RECORDED DATA:

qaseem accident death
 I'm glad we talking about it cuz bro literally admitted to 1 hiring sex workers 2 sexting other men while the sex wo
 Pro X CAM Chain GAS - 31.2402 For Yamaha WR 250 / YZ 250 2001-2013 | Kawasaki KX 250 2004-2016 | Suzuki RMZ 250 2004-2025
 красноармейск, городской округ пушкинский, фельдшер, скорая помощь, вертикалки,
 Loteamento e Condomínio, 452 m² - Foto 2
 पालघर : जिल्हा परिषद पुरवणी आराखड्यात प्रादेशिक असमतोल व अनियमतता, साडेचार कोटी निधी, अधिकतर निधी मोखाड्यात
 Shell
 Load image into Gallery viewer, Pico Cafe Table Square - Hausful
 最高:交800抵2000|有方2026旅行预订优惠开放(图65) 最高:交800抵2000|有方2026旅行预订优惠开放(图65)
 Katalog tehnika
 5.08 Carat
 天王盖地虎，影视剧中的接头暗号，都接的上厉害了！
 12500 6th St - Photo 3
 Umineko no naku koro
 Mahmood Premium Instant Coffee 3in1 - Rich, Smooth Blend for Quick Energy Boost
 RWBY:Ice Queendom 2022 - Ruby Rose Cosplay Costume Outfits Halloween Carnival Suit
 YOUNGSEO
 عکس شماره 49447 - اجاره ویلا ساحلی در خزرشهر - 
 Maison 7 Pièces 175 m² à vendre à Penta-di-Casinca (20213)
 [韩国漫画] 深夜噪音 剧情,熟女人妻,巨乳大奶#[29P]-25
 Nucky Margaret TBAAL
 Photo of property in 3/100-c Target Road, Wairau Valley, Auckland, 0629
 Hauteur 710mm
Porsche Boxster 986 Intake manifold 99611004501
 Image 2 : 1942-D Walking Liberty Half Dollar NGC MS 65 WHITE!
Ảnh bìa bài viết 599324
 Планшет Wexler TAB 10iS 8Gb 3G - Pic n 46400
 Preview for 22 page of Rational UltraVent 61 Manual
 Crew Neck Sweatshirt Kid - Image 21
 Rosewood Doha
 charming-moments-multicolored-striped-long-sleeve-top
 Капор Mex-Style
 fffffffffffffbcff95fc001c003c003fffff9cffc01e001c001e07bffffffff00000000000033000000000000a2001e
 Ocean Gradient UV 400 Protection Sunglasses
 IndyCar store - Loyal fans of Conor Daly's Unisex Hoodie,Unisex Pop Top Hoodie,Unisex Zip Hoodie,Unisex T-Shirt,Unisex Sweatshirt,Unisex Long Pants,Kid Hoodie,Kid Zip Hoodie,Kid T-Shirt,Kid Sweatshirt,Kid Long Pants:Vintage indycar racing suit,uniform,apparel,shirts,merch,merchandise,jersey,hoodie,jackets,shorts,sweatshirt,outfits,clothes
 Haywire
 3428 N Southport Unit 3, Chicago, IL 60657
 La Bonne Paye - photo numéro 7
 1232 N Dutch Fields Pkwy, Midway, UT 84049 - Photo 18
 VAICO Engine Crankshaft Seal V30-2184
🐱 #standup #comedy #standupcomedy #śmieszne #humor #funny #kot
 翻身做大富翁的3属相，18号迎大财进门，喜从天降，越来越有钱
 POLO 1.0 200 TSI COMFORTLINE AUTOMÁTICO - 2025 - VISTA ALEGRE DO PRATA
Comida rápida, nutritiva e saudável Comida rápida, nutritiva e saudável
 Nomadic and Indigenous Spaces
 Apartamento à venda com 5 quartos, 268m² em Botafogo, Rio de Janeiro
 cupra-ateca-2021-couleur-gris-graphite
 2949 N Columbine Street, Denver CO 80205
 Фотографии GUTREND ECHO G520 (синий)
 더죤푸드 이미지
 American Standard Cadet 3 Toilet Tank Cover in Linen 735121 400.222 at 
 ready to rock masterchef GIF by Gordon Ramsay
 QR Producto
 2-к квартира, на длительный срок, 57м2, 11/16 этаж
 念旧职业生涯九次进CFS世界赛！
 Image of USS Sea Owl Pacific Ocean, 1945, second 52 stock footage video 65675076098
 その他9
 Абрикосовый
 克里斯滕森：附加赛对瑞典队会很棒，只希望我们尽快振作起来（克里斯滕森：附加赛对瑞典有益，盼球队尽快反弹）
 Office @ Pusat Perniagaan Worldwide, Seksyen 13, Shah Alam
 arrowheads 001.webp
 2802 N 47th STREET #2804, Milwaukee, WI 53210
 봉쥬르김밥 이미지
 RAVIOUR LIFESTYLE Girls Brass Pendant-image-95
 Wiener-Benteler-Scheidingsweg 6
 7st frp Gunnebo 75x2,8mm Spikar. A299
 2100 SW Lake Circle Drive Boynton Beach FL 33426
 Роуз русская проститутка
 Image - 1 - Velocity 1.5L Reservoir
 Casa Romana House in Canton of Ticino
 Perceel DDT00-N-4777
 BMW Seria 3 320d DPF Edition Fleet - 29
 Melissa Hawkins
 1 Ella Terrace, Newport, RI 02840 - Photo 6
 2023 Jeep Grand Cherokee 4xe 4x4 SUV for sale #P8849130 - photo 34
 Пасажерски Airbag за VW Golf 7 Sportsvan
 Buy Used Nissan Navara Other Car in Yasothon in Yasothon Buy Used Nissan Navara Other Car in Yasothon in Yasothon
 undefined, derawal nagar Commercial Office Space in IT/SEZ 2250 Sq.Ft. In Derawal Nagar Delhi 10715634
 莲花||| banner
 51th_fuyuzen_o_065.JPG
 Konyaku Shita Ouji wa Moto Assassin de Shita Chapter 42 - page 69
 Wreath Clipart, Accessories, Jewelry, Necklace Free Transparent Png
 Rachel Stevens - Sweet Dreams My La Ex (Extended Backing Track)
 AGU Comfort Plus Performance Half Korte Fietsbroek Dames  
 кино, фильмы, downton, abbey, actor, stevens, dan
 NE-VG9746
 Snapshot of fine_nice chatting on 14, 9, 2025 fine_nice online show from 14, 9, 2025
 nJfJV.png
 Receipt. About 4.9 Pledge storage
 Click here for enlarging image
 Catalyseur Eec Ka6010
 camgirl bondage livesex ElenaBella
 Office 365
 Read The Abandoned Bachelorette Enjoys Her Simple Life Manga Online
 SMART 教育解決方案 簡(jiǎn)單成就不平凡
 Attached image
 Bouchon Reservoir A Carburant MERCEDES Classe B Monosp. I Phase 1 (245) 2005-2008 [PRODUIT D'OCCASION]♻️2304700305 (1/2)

TASK OBJECTIVE: Take every line above that includes the string "Half" and return it.

RESPONSE:
 Image 2 : 1942-D Walking Liberty Half Dollar NGC MS 65 WHITE!
 AGU Comfort Plus Performance Half Korte Fietsbroek Dames  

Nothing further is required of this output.